Short text fragments from websites
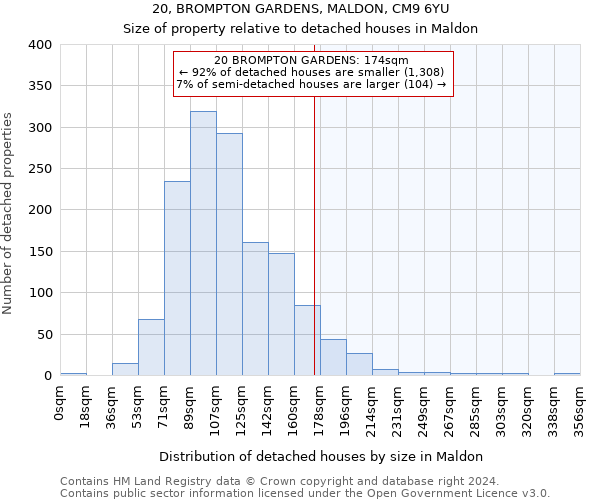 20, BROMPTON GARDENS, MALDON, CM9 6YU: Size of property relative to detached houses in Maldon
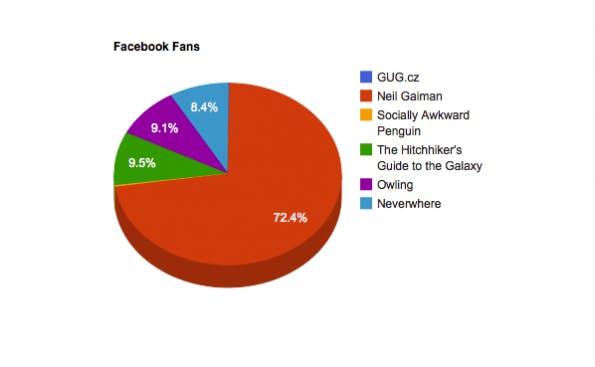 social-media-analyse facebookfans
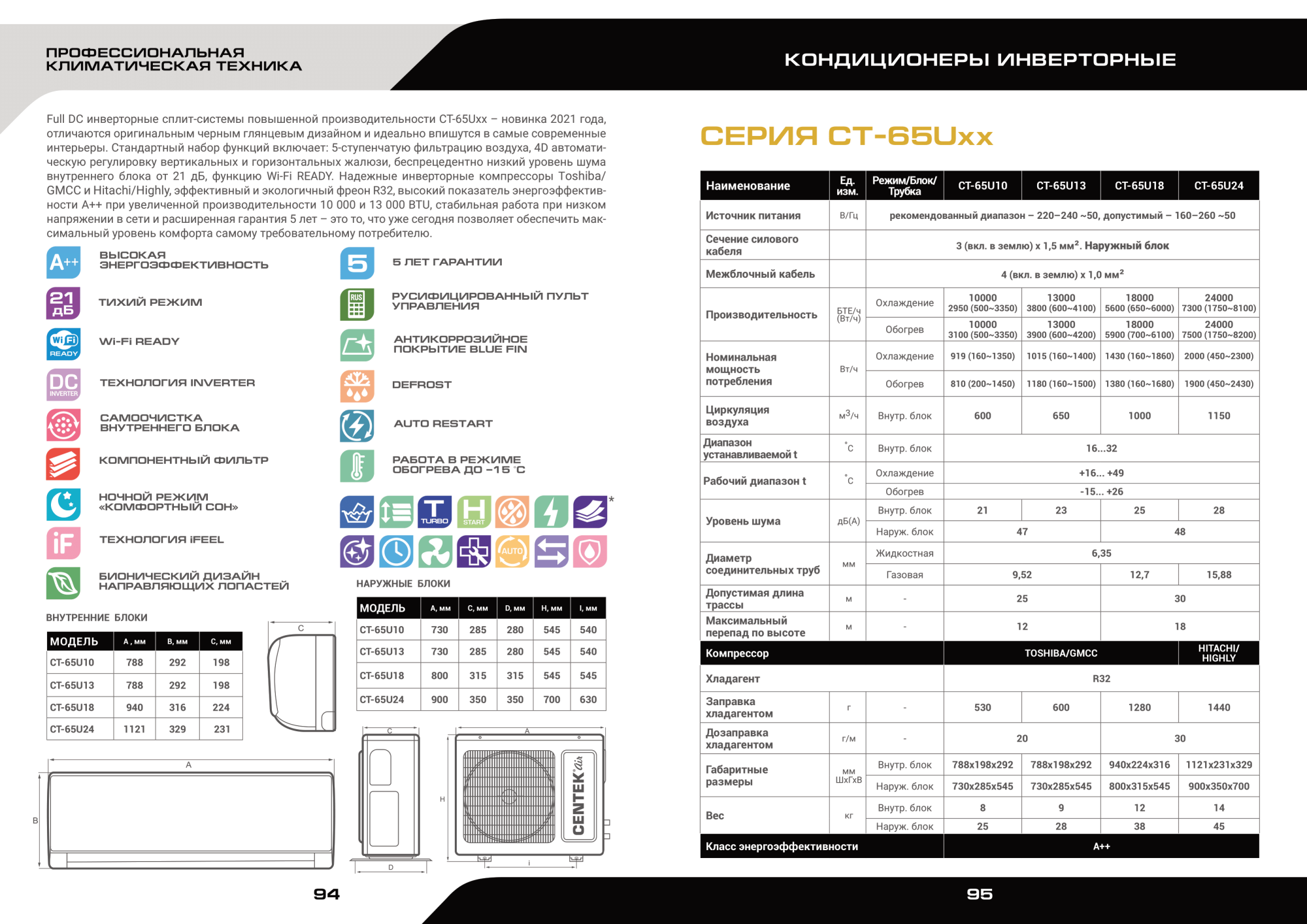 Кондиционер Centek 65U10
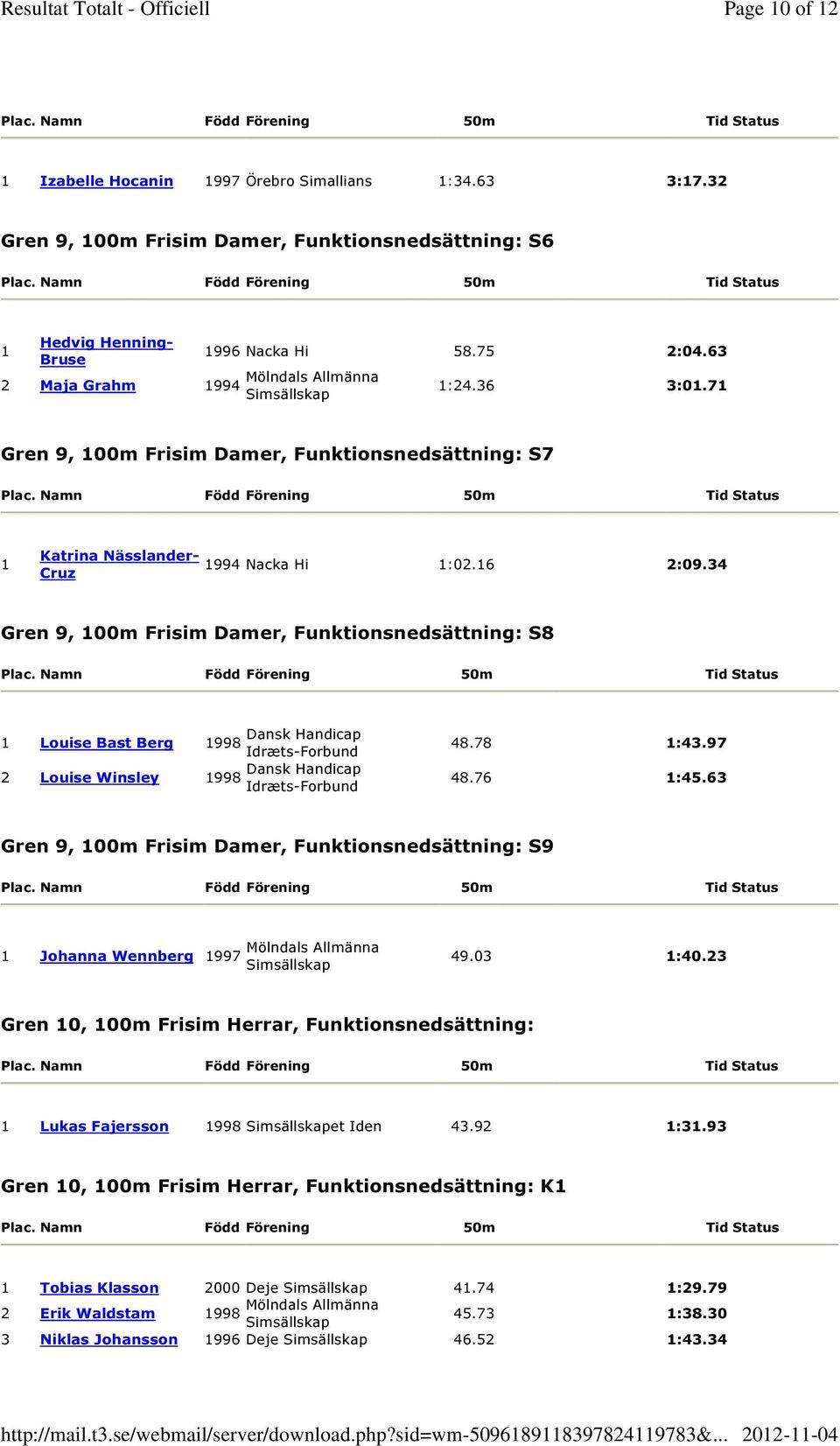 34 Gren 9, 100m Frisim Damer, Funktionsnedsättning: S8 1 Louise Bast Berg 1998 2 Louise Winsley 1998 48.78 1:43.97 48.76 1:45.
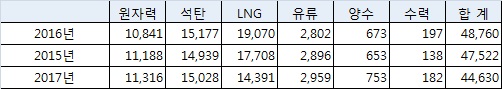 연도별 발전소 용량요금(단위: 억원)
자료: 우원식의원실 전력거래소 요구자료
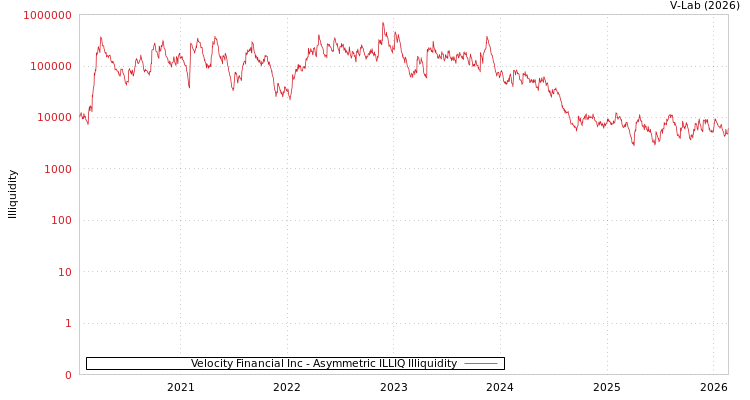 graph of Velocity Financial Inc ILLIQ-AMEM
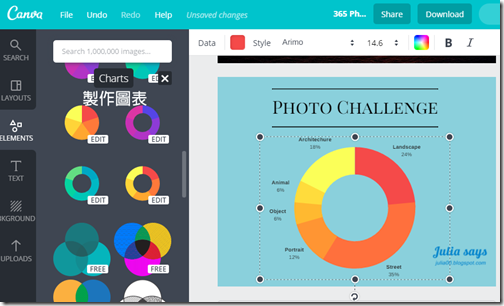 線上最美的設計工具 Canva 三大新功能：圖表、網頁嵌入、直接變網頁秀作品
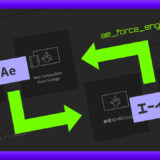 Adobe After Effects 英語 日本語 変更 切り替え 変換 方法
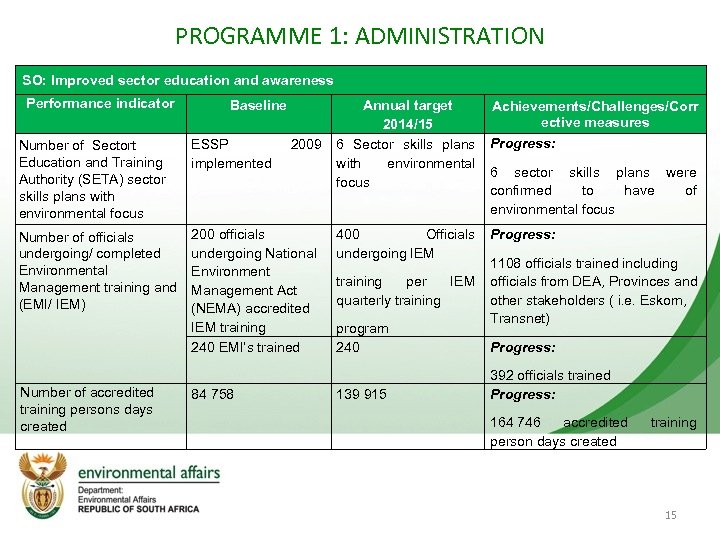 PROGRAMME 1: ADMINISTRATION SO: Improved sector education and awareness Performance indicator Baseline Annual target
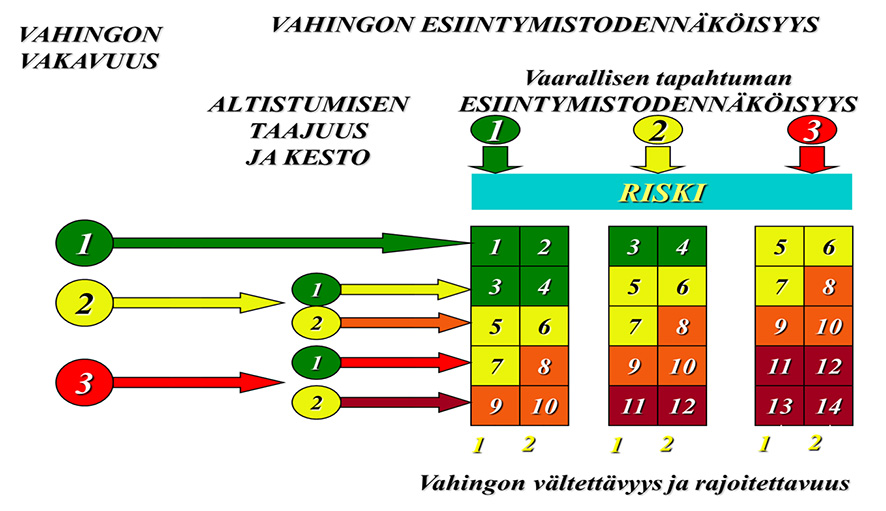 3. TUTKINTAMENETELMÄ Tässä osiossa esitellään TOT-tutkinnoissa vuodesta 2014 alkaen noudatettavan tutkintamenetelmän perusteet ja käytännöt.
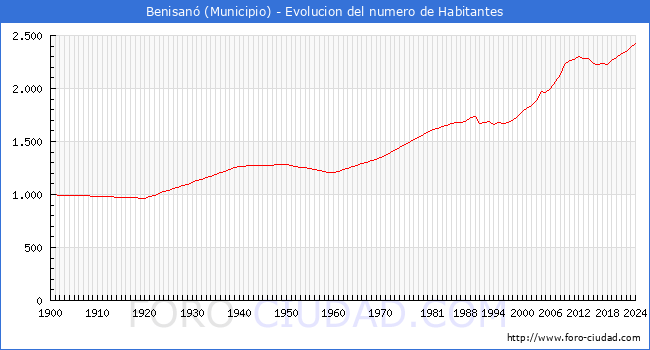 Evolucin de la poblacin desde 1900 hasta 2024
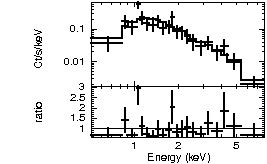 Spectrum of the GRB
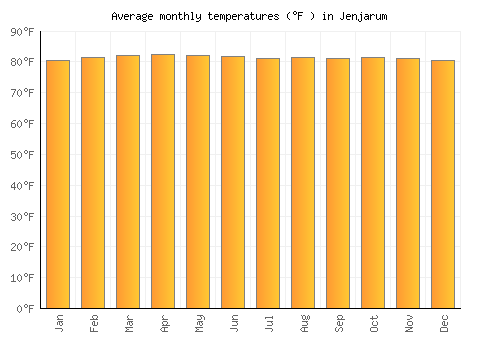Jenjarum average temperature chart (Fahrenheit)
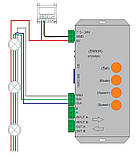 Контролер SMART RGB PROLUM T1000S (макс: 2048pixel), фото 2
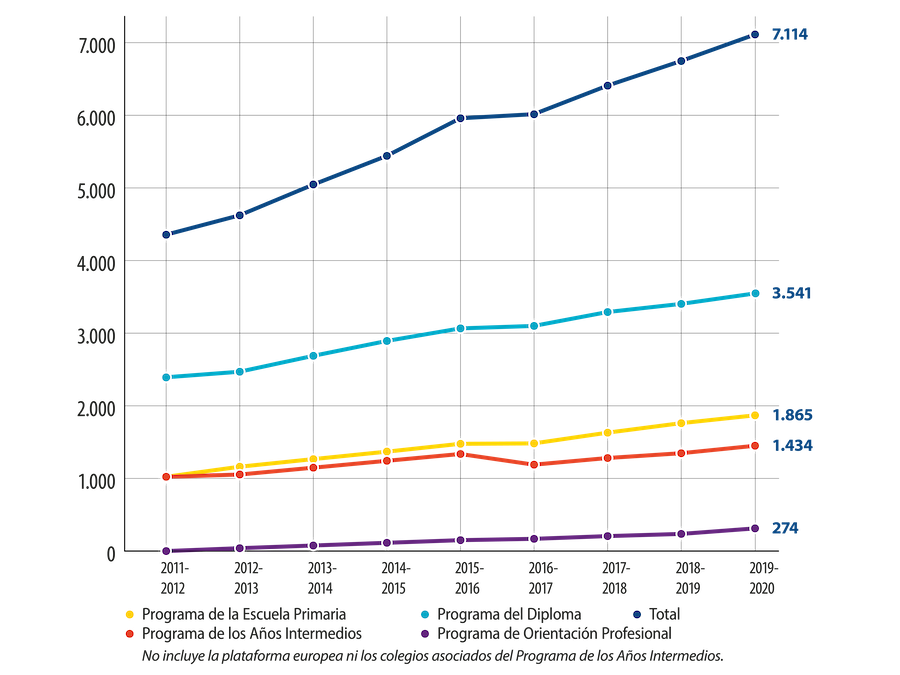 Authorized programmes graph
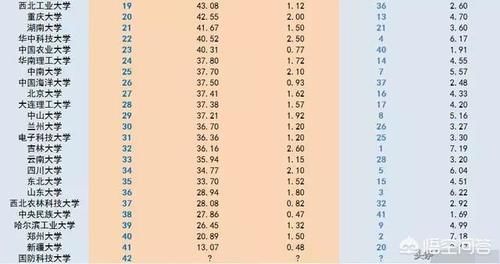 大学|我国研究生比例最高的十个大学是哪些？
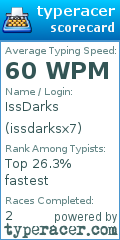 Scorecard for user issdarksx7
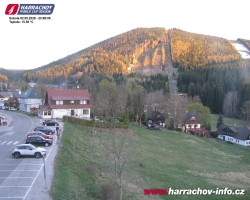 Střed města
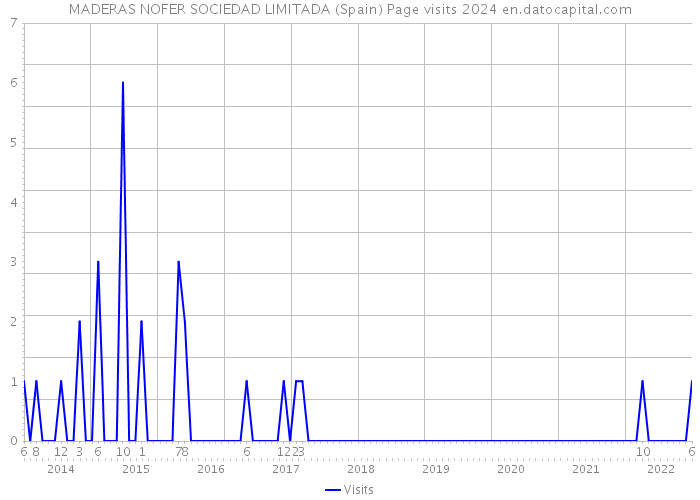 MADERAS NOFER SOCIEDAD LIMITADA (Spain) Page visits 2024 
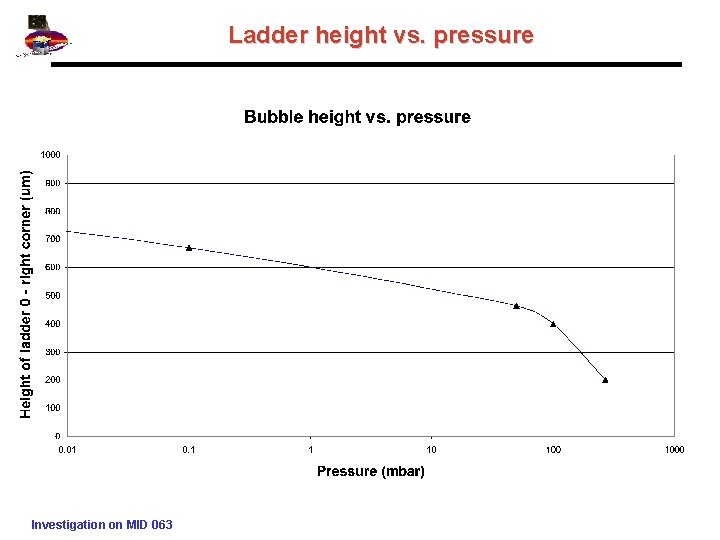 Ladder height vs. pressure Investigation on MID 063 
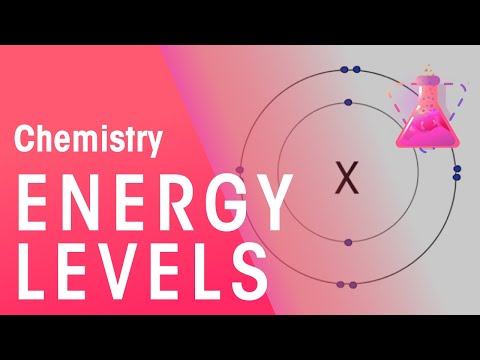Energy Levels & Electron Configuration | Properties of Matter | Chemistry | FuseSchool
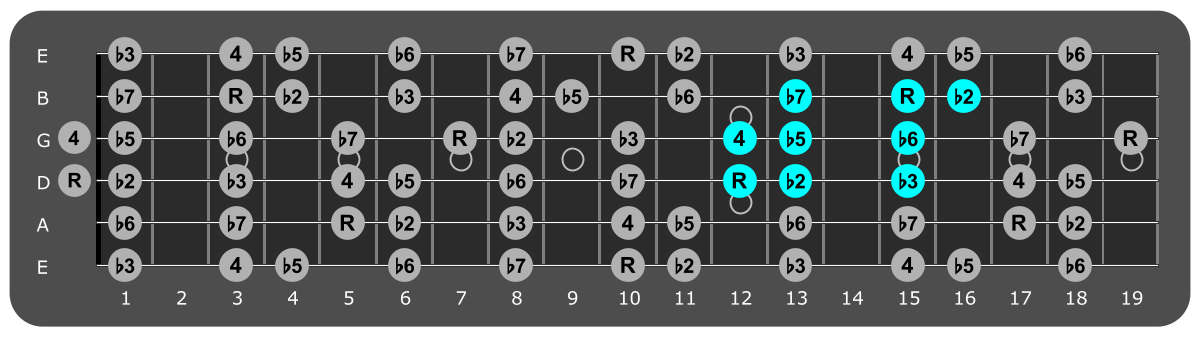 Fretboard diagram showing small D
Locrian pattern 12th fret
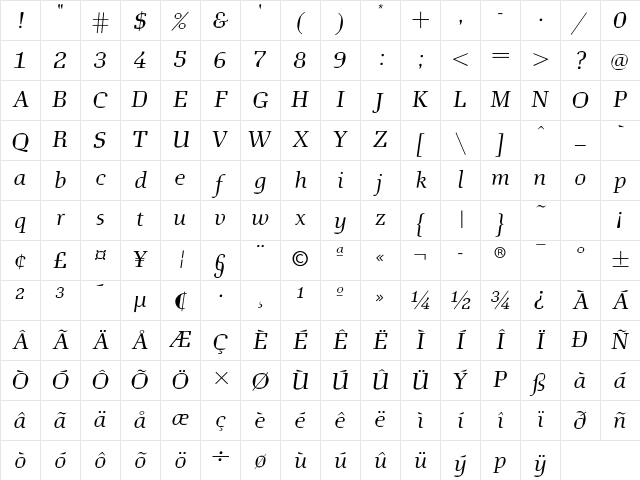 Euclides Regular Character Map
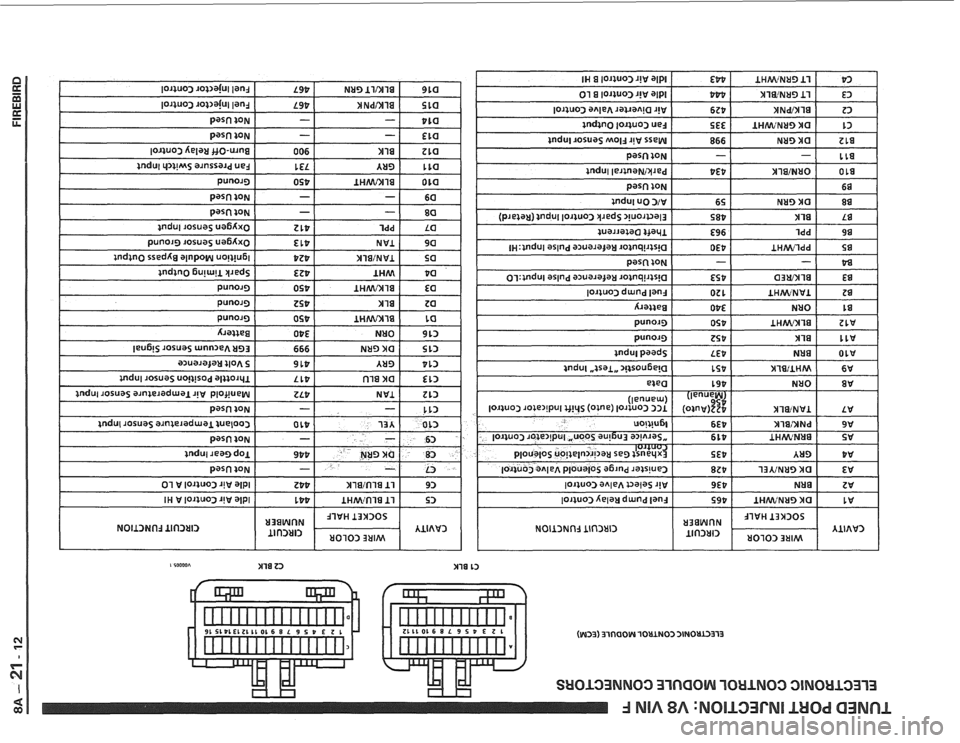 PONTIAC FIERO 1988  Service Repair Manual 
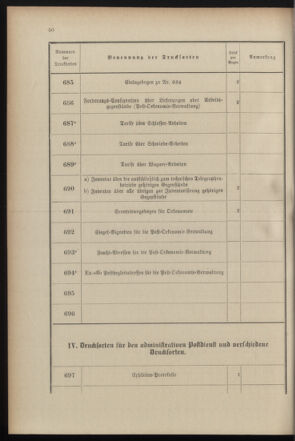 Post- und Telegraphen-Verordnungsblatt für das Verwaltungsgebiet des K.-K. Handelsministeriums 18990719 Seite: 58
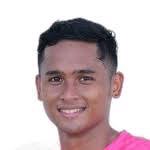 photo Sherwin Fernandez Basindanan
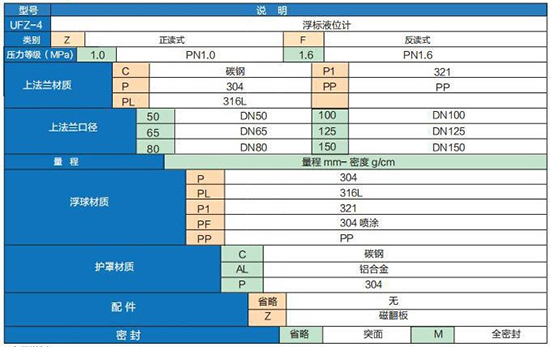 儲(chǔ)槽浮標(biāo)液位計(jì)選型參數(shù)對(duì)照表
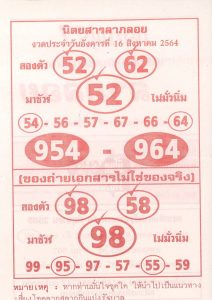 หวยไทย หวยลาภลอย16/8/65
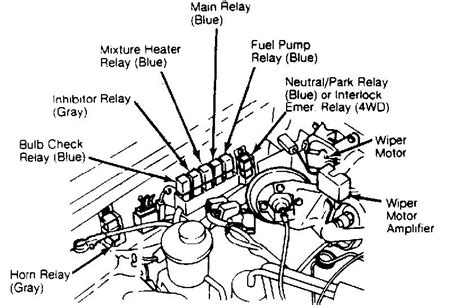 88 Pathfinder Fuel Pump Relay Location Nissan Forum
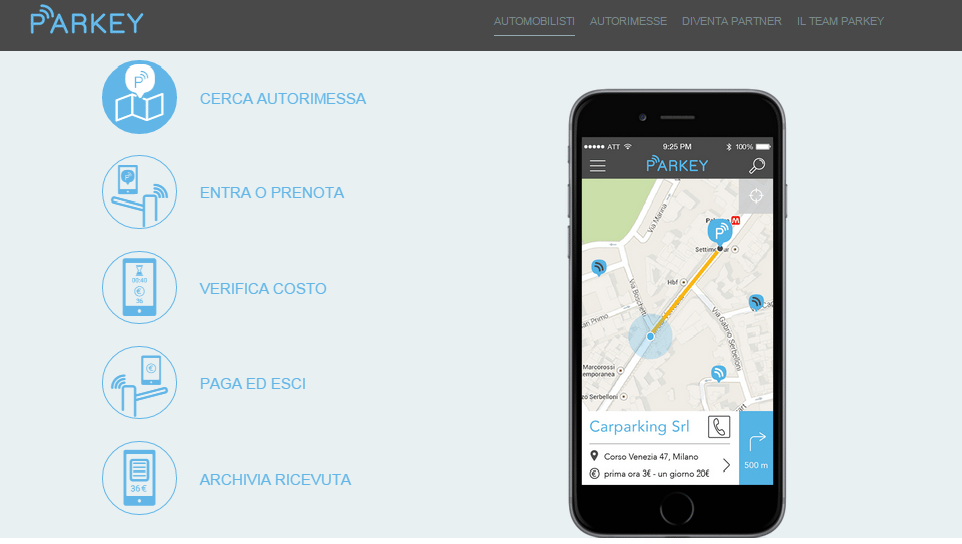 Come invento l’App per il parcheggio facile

▶ [WORK TO BE COMPLETED] Without the pictures, give again exactly the lines above starting at the line containing "大学|我国研究生比例最高的十个大学是哪些？" and ending at the line containing "Energy Levels &".

▶ [WRITTEN SOLUTION]
 大学|我国研究生比例最高的十个大学是哪些？
 Scorecard for user issdarksx7
 Střed města
 MADERAS NOFER SOCIEDAD LIMITADA (Spain) Page visits 2024 
 Ladder height vs. pressure Investigation on MID 063 
Energy Levels & Electron Configuration | Properties of Matter | Chemistry | FuseSchool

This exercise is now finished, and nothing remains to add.